→ About this exercise
An exact copy of the lines of the listing below between the "A lady standing" line and the "A person holds" line, both included, is the whole answer; please omit the pictures.

+===+

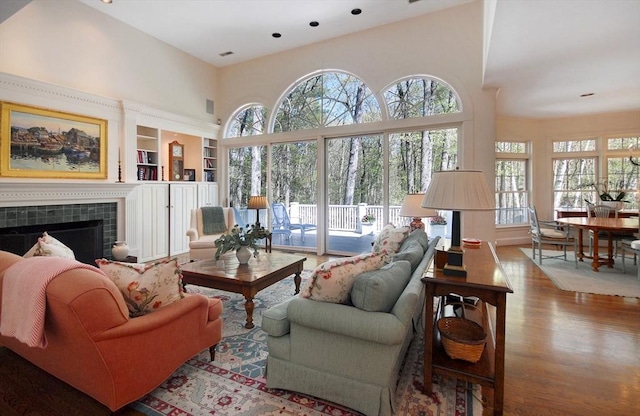 living room featuring a tile fireplace, a wealth of natural light, wood finished floors, and a high ceiling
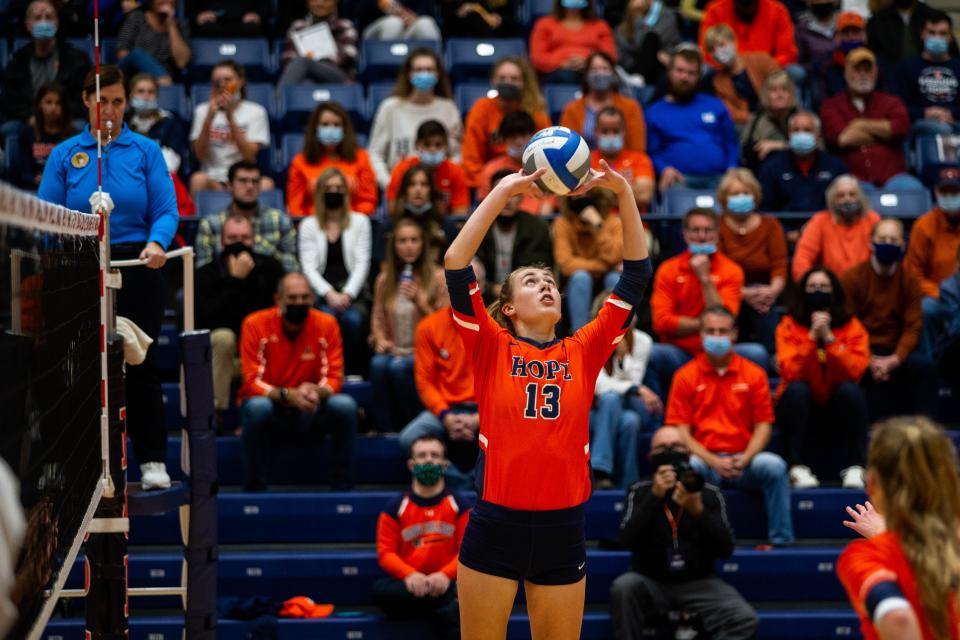 Hope's Tracy Westra sets the ball for her teammate during a game against Calvin Saturday, Oct. 30, 2021, at DeVos Fieldhouse. 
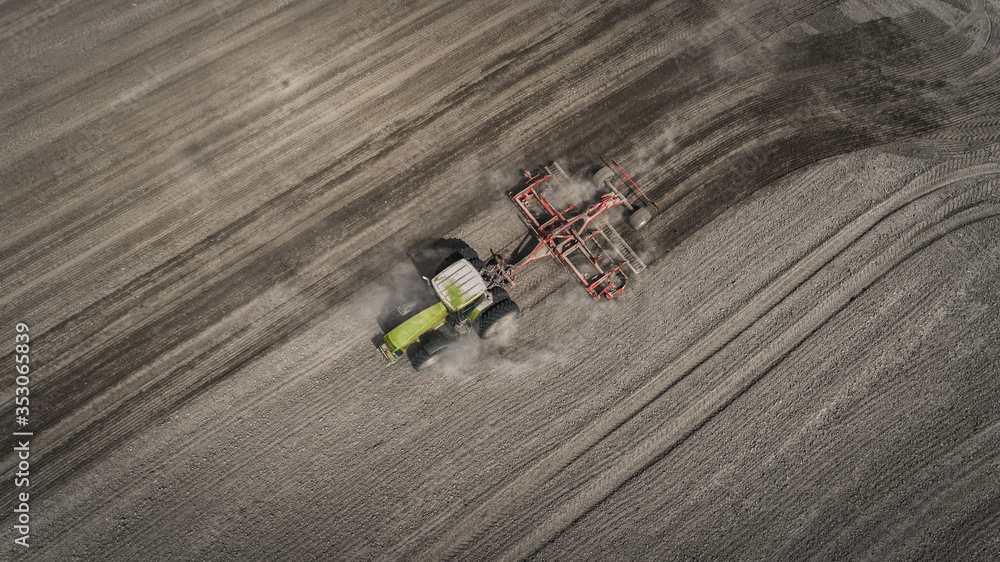 Farmers cultivating. Tractor makes vertical tillage. Aerial view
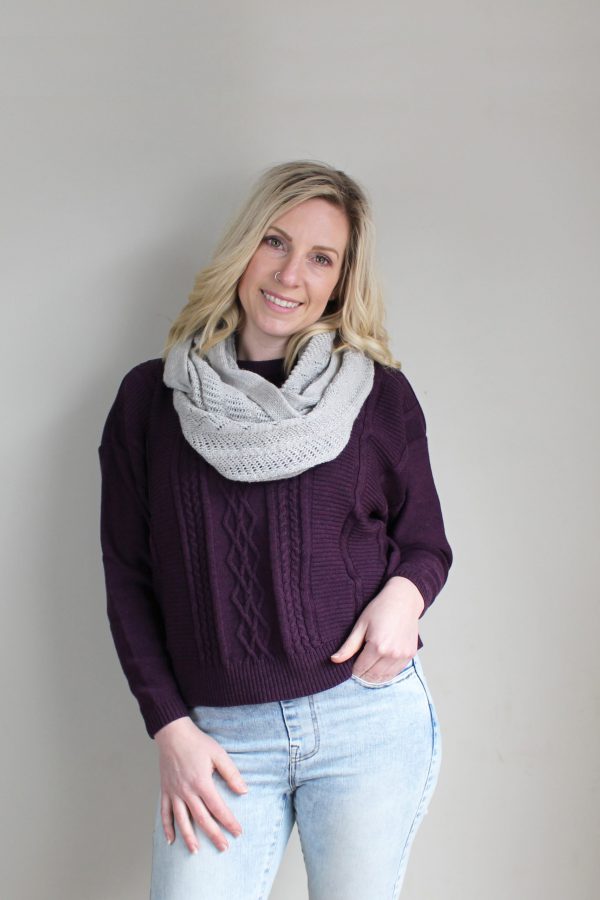 A lady standing indoors wearing a Smoke Light Grey Branberry Wool Infinity Scarf
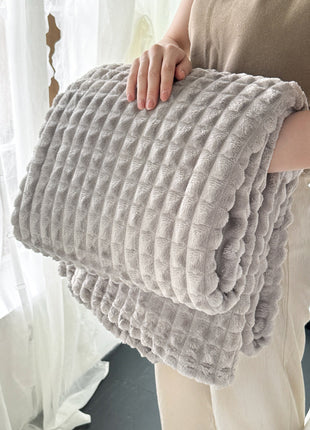 Person holding a textured gray blanket in front of a window with sheer curtains.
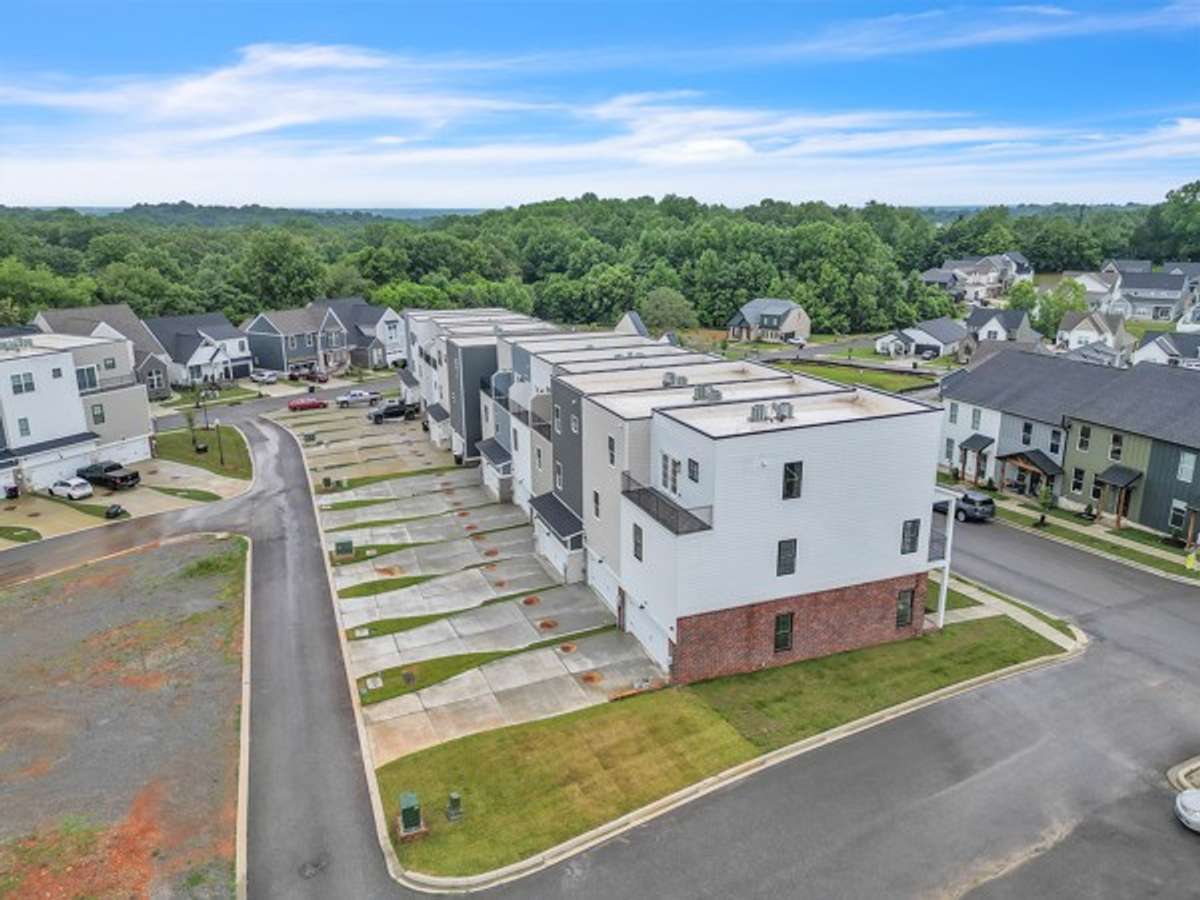 A great shot of the long private driveways & 2 car garages to these 7 unique townhomes.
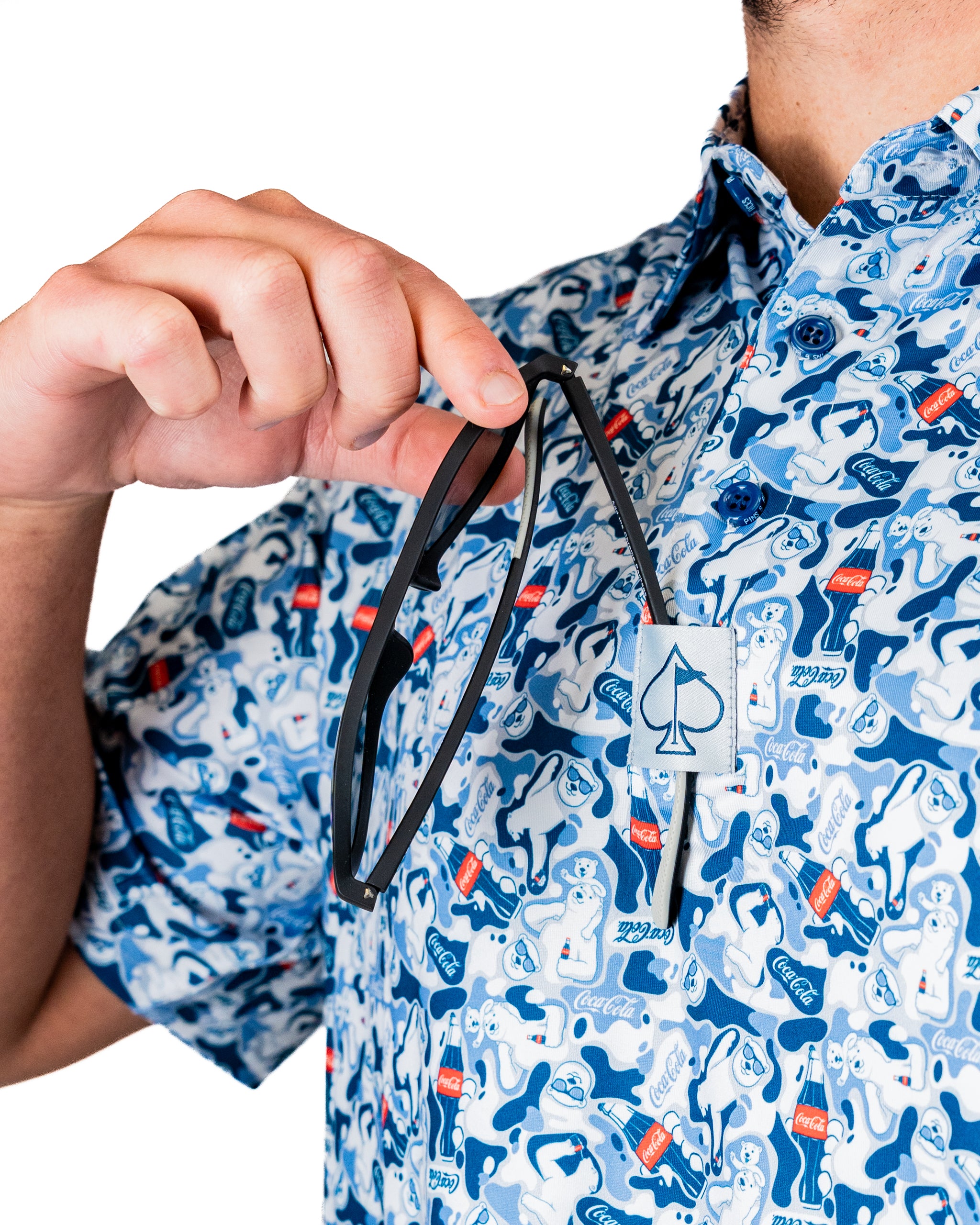 A person holds a black golf headcover while wearing a blue patterned shirt featuring Coca-Cola designs.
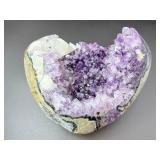 A natural amethyst geode filled with shimmering violet quartz crystals, accented by soft white calcite and encased in its original stone shell.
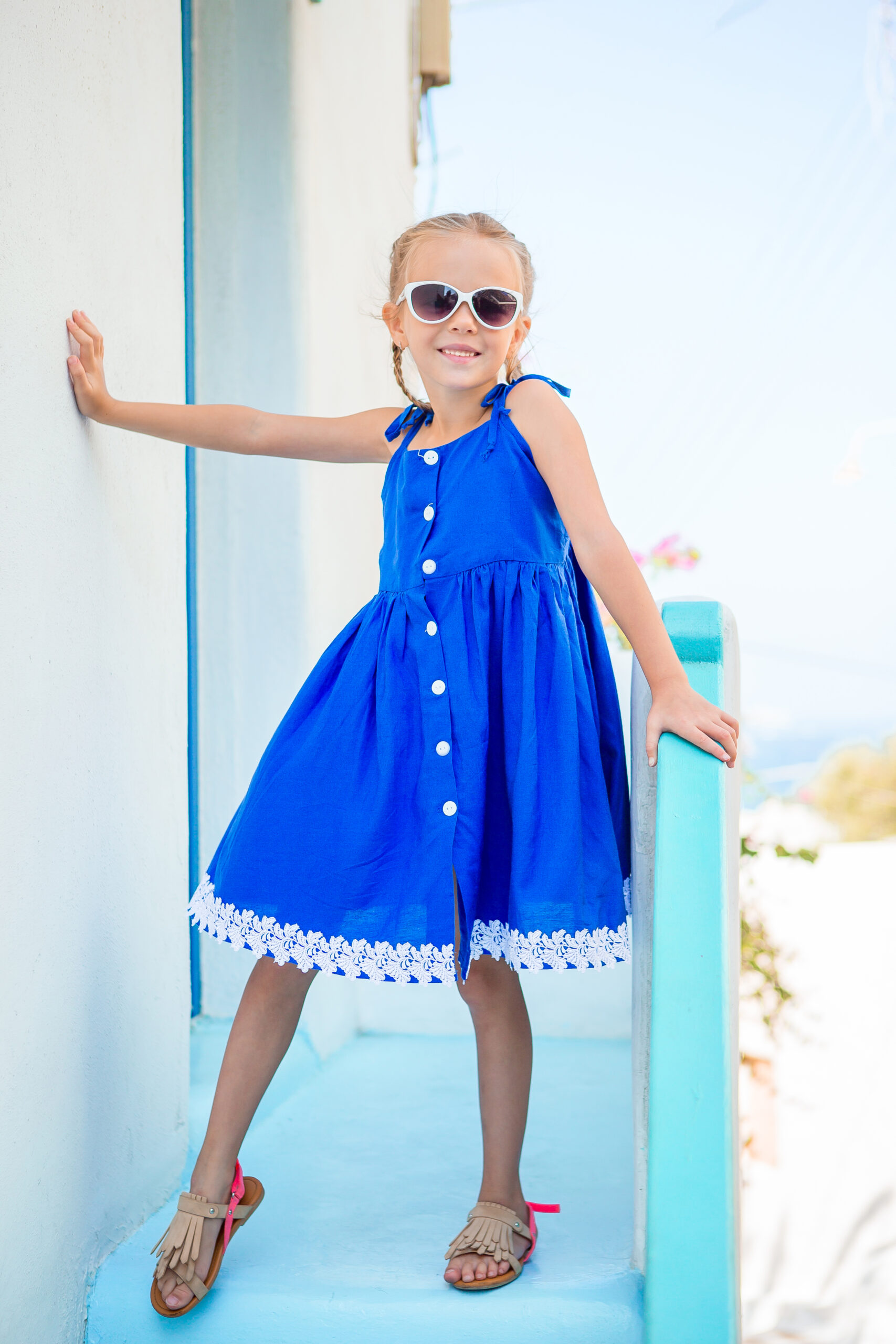 Little adorable girl in dress outdoors in old streets an Mykonos. Kid at street of typical greek traditional village with white walls and colorful doors on Mykonos Island, in Greece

+===+

→ Exercise solution
 A lady standing indoors wearing a Smoke Light Grey Branberry Wool Infinity Scarf
 Person holding a textured gray blanket in front of a window with sheer curtains.
 A great shot of the long private driveways & 2 car garages to these 7 unique townhomes.
 A person holds a black golf headcover while wearing a blue patterned shirt featuring Coca-Cola designs.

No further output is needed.